### TASK PROMPT
Transcribe the data as written, minus images.

### GIVEN INFORMATION
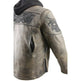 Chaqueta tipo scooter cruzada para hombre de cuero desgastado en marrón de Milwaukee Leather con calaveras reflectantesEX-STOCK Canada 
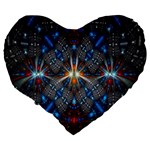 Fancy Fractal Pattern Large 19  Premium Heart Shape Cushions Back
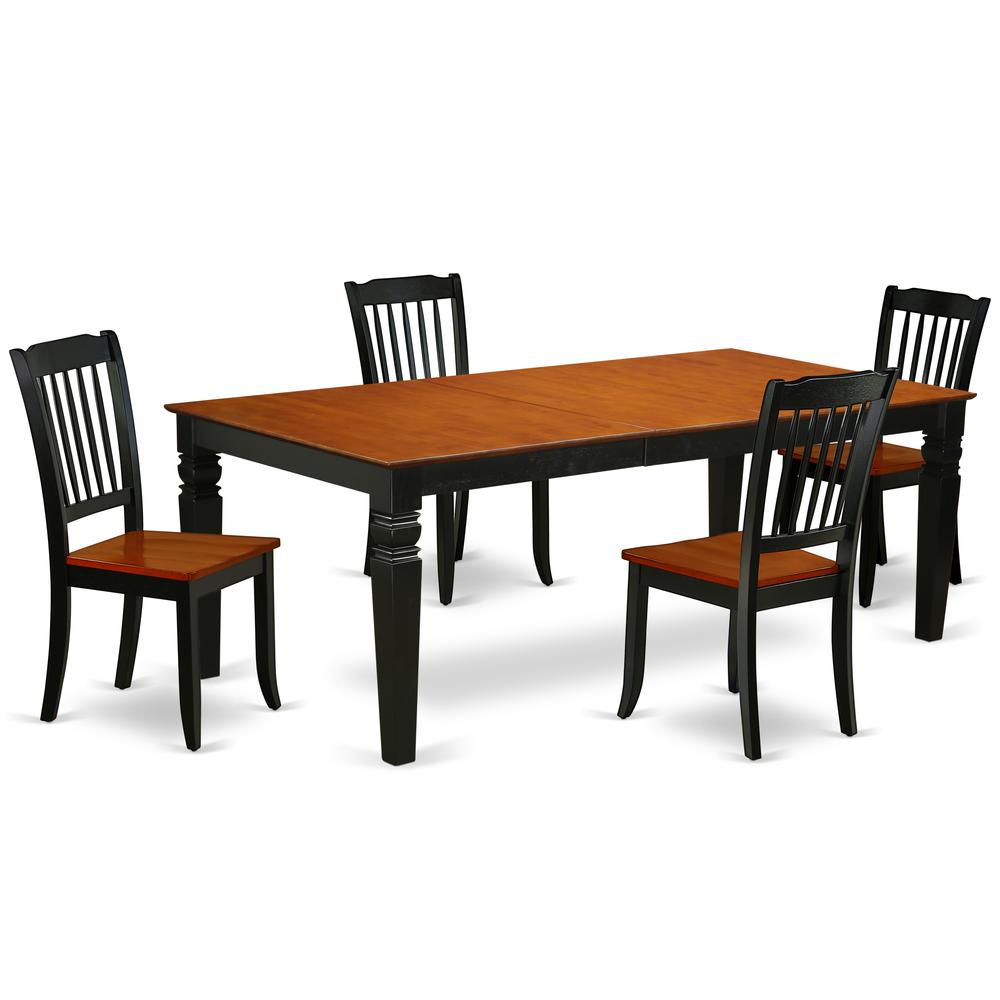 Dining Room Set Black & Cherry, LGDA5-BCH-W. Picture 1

### WRITTEN REPLY
 Chaqueta tipo scooter cruzada para hombre de cuero desgastado en marrón de Milwaukee Leather con calaveras reflectantesEX-STOCK Canada 
 Fancy Fractal Pattern Large 19  Premium Heart Shape Cushions Back
 Dining Room Set Black & Cherry, LGDA5-BCH-W. Picture 1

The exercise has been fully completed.